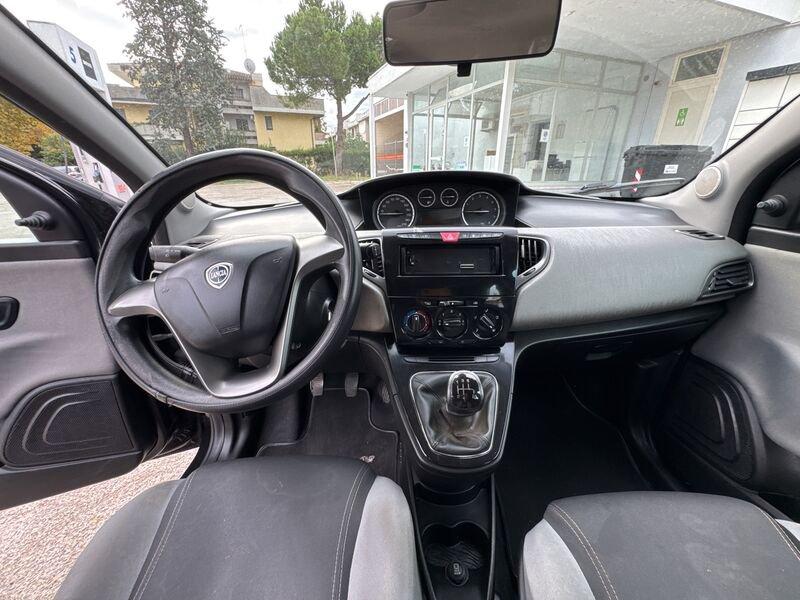 Lancia Ypsilon Ypsilon 1.2 8v Silver s/c.traz.,esp ecochic Gpl 69cv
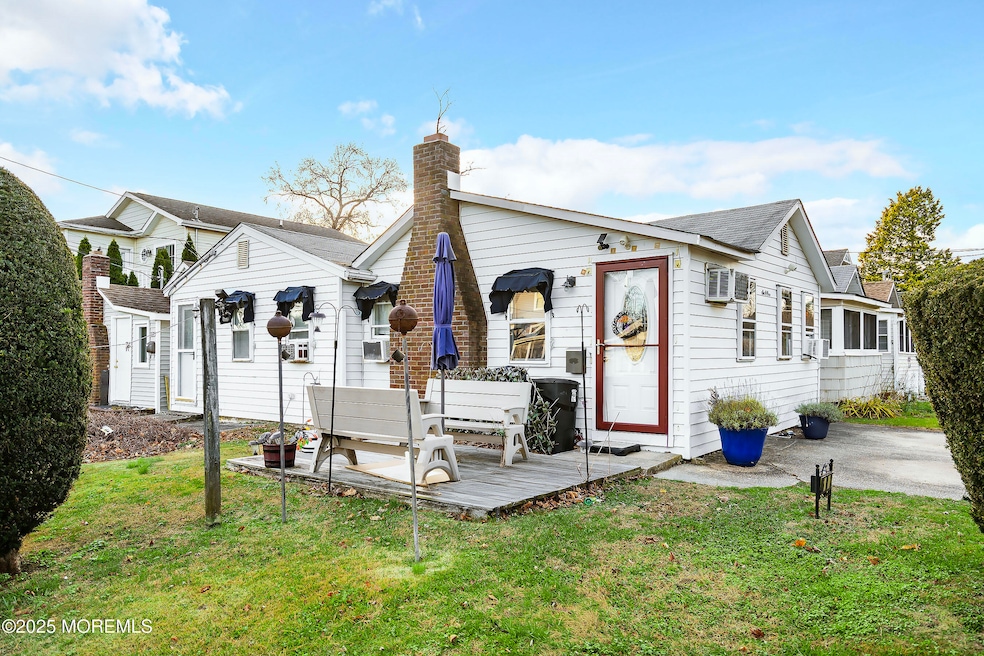 601 Central Ave, Spring Lake, NJ 07762 - photo 1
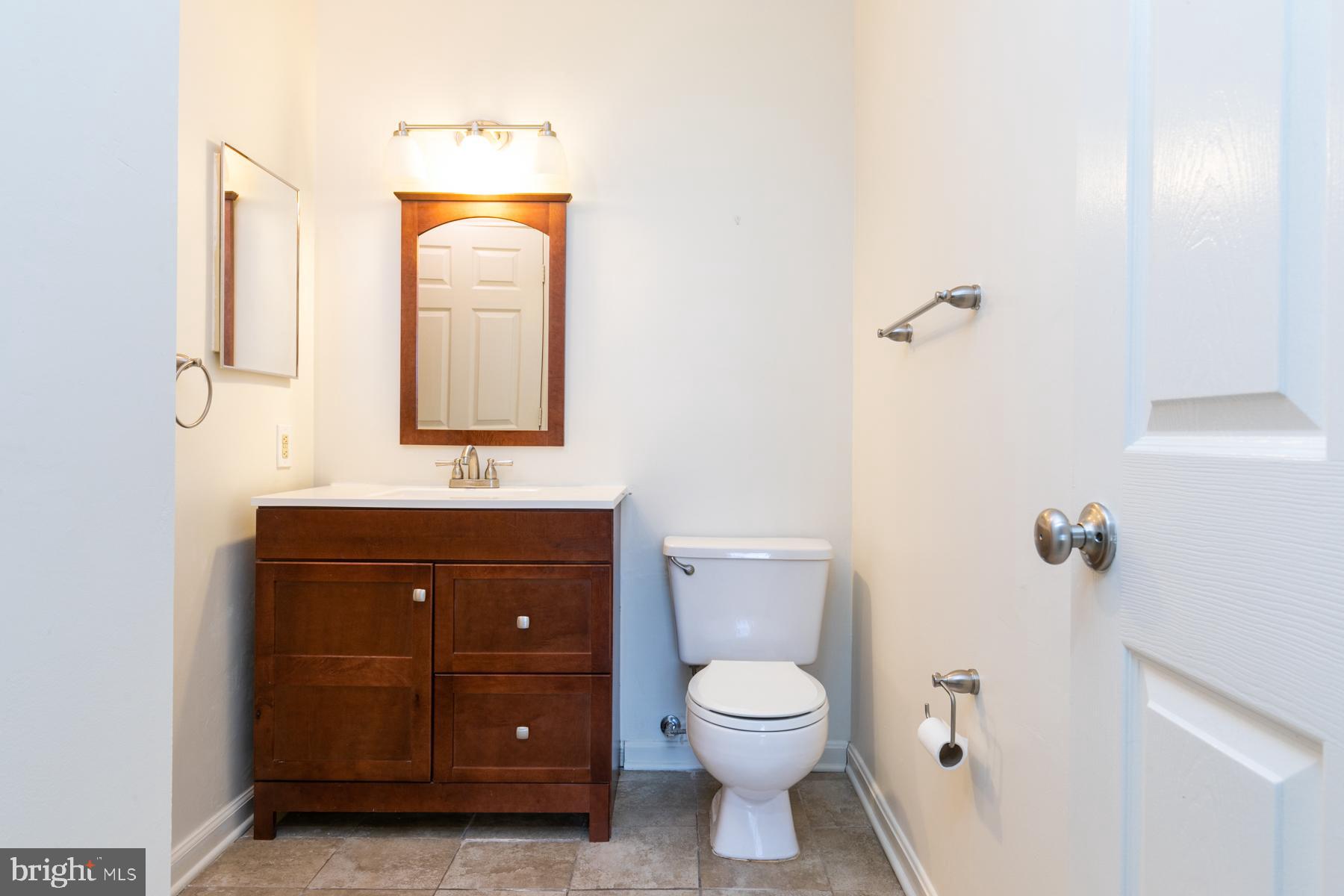 20957 Timber Ridge Terrace, Unit 102 Ashburn, VA 20147 - Photo 17 of 30 Gallery Image 17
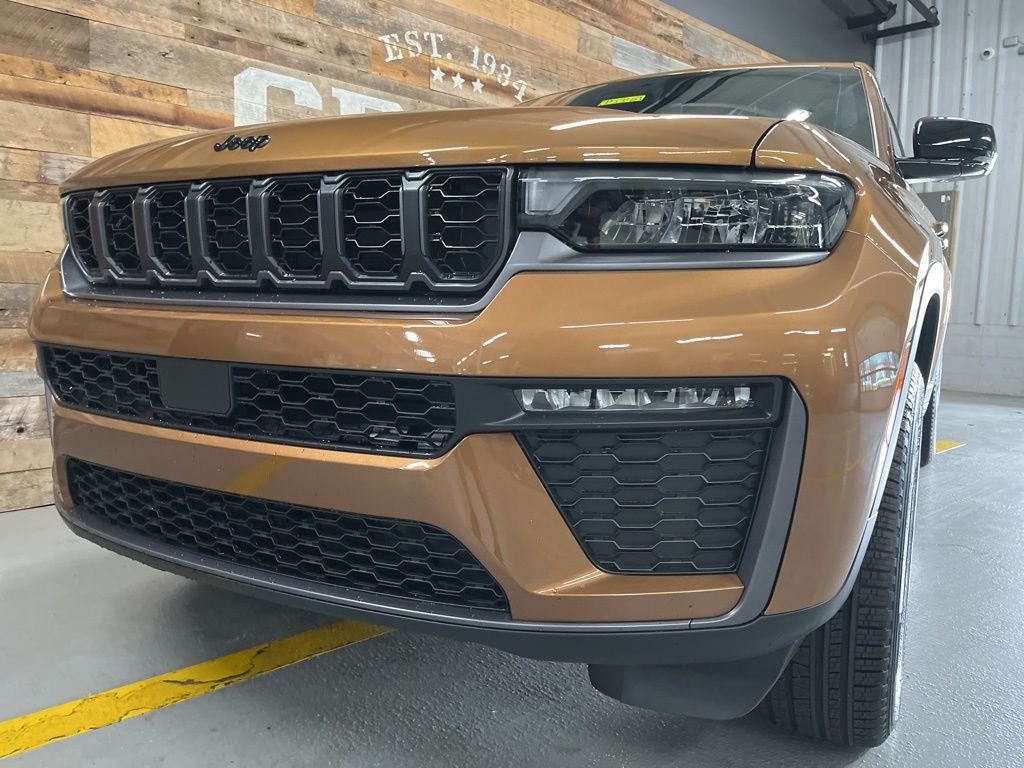 New 2026 Copper Shino Metallic Clear-Coat Exterior Paint Jeep Limited image 9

◆ Work request:
Wherever an image sits in the data, omit it; everything else must be copied exactly.

◆ Your solution:
 Lancia Ypsilon Ypsilon 1.2 8v Silver s/c.traz.,esp ecochic Gpl 69cv
 601 Central Ave, Spring Lake, NJ 07762 - photo 1
 20957 Timber Ridge Terrace, Unit 102 Ashburn, VA 20147 - Photo 17 of 30 Gallery Image 17
 New 2026 Copper Shino Metallic Clear-Coat Exterior Paint Jeep Limited image 9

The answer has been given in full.